The Red Violin: Concertos by Kuusisto & Corigliano - Vähälä / Kuusisto

The Red Violin: Concertos by Kuusisto & Corigliano - Vähälä / Kuusisto


Stereo/Multichannel Hybrid

Classical - Orchestral

KUUSISTO, Jaakko (b. 1974): Leika for symphony orchestra, Op. 24 (2010); Concerto for Violin and Orchestra, Op. 28 (2011–12)
CORIGLIANO, John (b. 1938): Concerto for Violin and Orchestra ‘The Red Violin’ (2003)

Elina Vähälä (violin)
Lahti Symphony Orchestra
Jaakko Kuusisto (conductor)

John Corigliano's violin concerto 'The Red Violin' originated as the score to a film about a violin by one of the Old Italian master-builders, and its journeys around the world throughout three centuries. While working on the film score, Corigliano also produced a one-movement concert version of it, which he later expanded into a full-scale concerto in four movements.

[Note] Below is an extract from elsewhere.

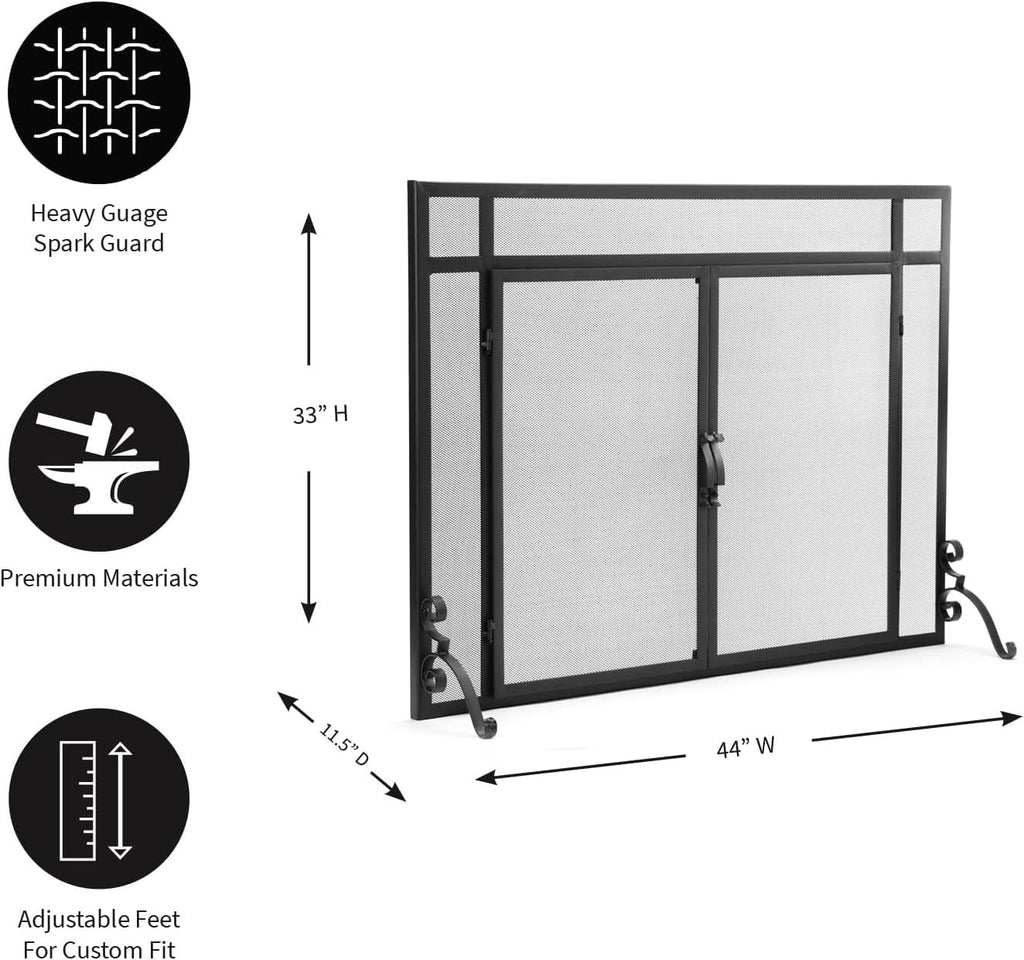 Black Metal Fireplace Screen with Hinged Doors S8438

The son of a violinist, Corigliano’s aim was to write a concerto in a style his father would have wanted to play, and he has managed to do so without sacrificing any of the music's communicative qualities, or its wealth of colours, emotions and atmospheres. The work is coupled here with a concerto of a similar broad appeal, composed by Jaakko Kuusisto, who is a highly respected violinist in his own right, as well as conductor.

In his liner notes, Kuusisto recounts how he had toyed with the idea of writing a violin concerto for several years, but that the project only came into fruition after a commission from his colleague Elina Vähälä, and the liberating prospect of composing a work for another performer than himself.

Appearing for the first time on BIS, the acclaimed violinist Elina Vähäla has a wide-ranging career, both geographically and in terms of repertoire. She made her début at the age of twelve, performing as a soloist with the Lahti Symphony Orchestra, which lends her spirited support on the present disc, and also performs the orchestral piece Leika.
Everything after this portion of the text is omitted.